In the real environments, the robot should cope with the following
difficult situations by using its own microphones as follows:
- The robot should listen to a specific sound source under noisy environments. This capability in human is known as "Cocktail Party Effect".
- The robot should listen to several speeches simultaneously.
This is required to cope with such a case that someone or something
playing sounds interrupts conversation. It is known as
"Barge-in" in spoken dialog systems.
We consider four issues for realization of such robot
audition; these are active audition,
multi-modal integration and general sound understanding.
Active Audition
Active audition that couples audition, vision, and motor control
system is critical. Active audition can be implemented in various
aspects. Take the most visible example, the system should be able to
dynamically align microphone positions against sound sources to obtain
better resolution. Consider that a humanoid has a pair of microphones.
Given the multiple sound sources in the auditory scene, the humanoid
should actively move its head to improve localization, separation and
recognition by aligning microphones orthogonal to the sound source.
Active audition requires movement of the components that mounts
microphone units. In many cases, such a mount is actuated by motors
that create considerable noise. In a complex robotic system, such as
humanoid, motor noise is complex and often irregular because numbers
of motors may be involved in the head and body movement. Removing
motor noise from auditory system requires information on what kind of
movement the robot is making in real-time. In other words, motor
control signals need to be integrated as one of the perception
channels. If dynamic noise canceling of motor noise fails, one may
end-up using "stop-perceive-act" principle reluctantly, so
that the audition system can receive sound without motor noise. To
avoid using such an implementation, we implemented an adaptive noise
canceling scheme that uses motor control signal to anticipate and
cancel motor noise.
Multimodal Integration
Multimodal integration is necessary in any case to improve performance
of real-world applications. In particular, we focuss on Audio-Visual
(AV) integration because vision and audition are the two main sensory
information in human beings.
For sound source localization, the error in direction determined by a
CASA application is about 10 degrees, which is
similar to that of a human, i.e. 8 degrees.
However, this is too coarse to separate sound streams from a mixture
of sounds. In visual processing, there are other problems such as
narrow visual field of an ordinary camera and visual occlusion on
overlapping persons. It is difficult to solve these problems by only
visual or auditory processing. Therefore integration of vision and
audition is necessary. Audition and vision should be integrated in a
real environment for robust speaker localization and tracking.
Generally, AV integration in speech recognition uses visual speech,
that is, lip-reading. This is
effective to improve speech recognition. In a robot, however,
lip-reading is not always available because, when a person is away
from the robot, resolution of images from robot's camera is
insufficient for detecting the lips.
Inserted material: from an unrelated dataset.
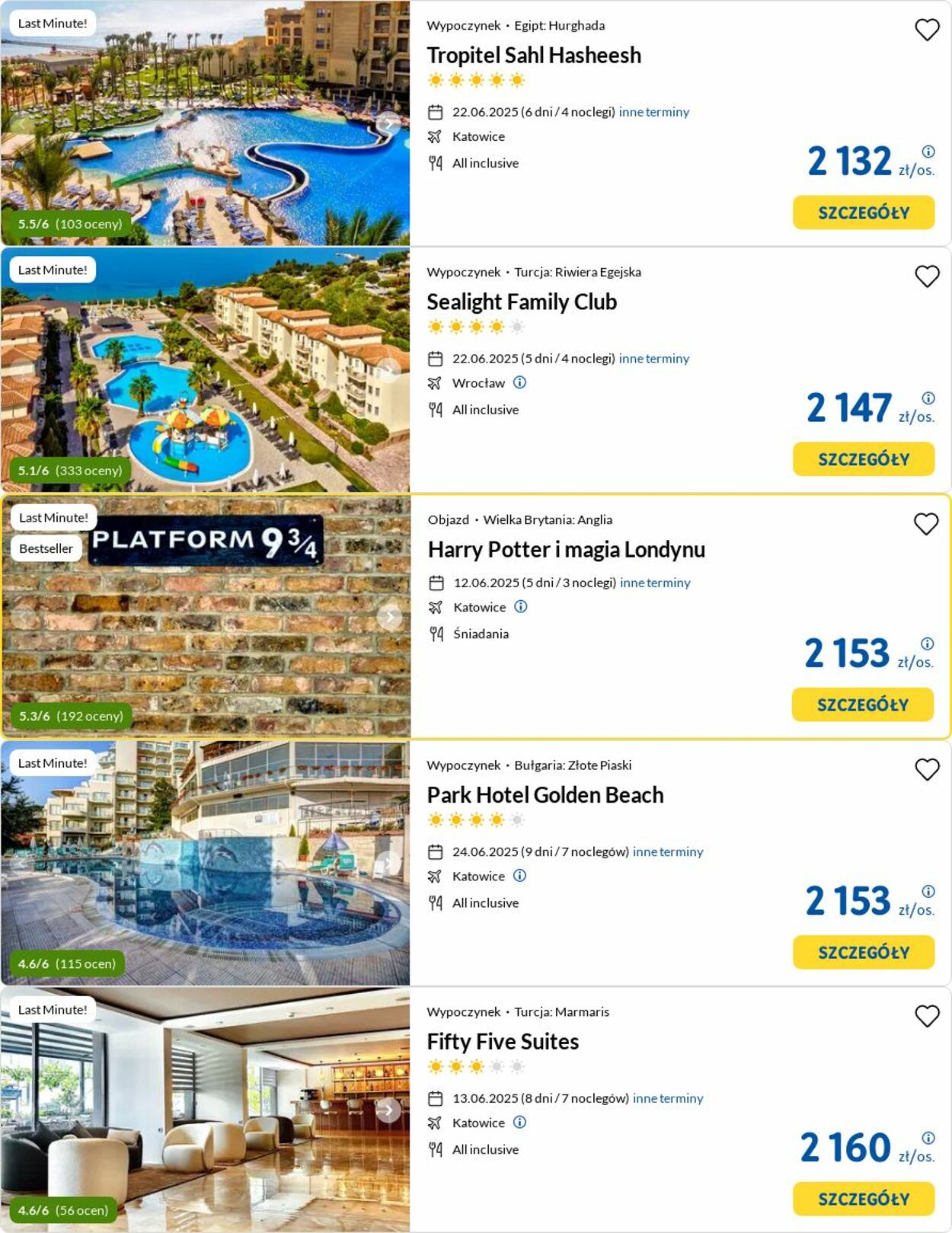 Gazetka Rainbow Tours 09.06.2025 - 18.06.2025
Therefore, we consider another
AV integration for speech recognition as well, that is, integration of
speech and face recognition because the face is generally detected
easier than the lips due to its size.
Thus, AV integration is effective in various information levels. We
also propose a hierarchical AV integration model that provides
inter-level integration of auditory and visual information.
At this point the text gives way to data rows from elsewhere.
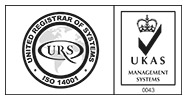 ISO 14001:2004 取得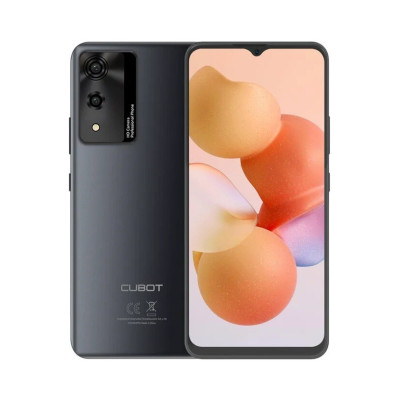 Смартфон Cubot A10 4/128gb Black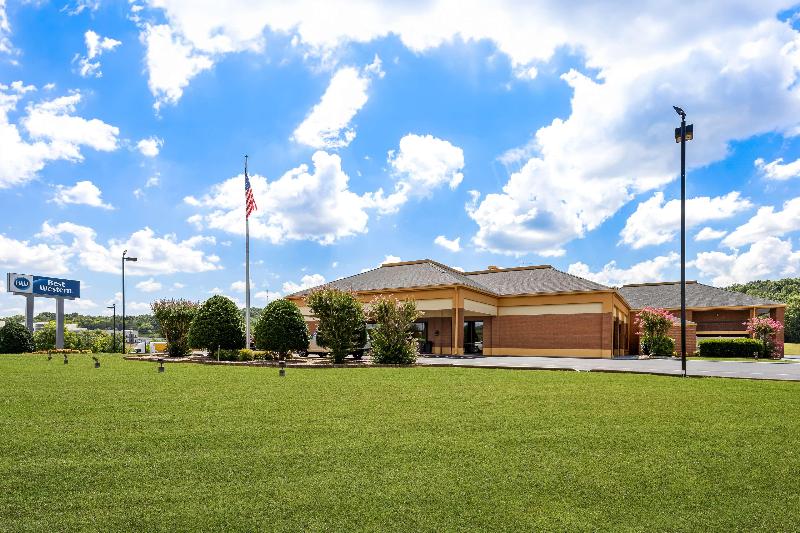 Best Western Fayetteville Inn image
General Sound Understanding
Usually we hear a mixture of sounds, not a sound of single source. It
is necessary for understanding general sounds to understand a mixture
of sounds. In speaker tracking, multiple persons can speak
simultaneously. In such case, a robot have to separate and localize
sound sources. Computational Auditory Scene Analysis (CASA)
is a framework of understanding a mixture of sounds, and a lot of
works have been studied in this area. The concepts of CASA should be
introduced to be applied in the real environment.
Common techniques of sound source separation for understanding general
sounds are a beam forming with a microphone array, independent
component analysis (ICA) as blind source separation, and using
psychological cues such as harmonic relationship, common frequency
modulation and amplitude modulation, onset and offset. However, these
techniques assume that the microphone setting is fixed. Some
techniques like ICA assume that the number of microphones is more than
or equal to the number of sound sources -- this assumption that may
not hold in a real-world environment.
Therefore, we need to develop sound source separation for mobile robot
and moving sound sources to be deployed in the real world.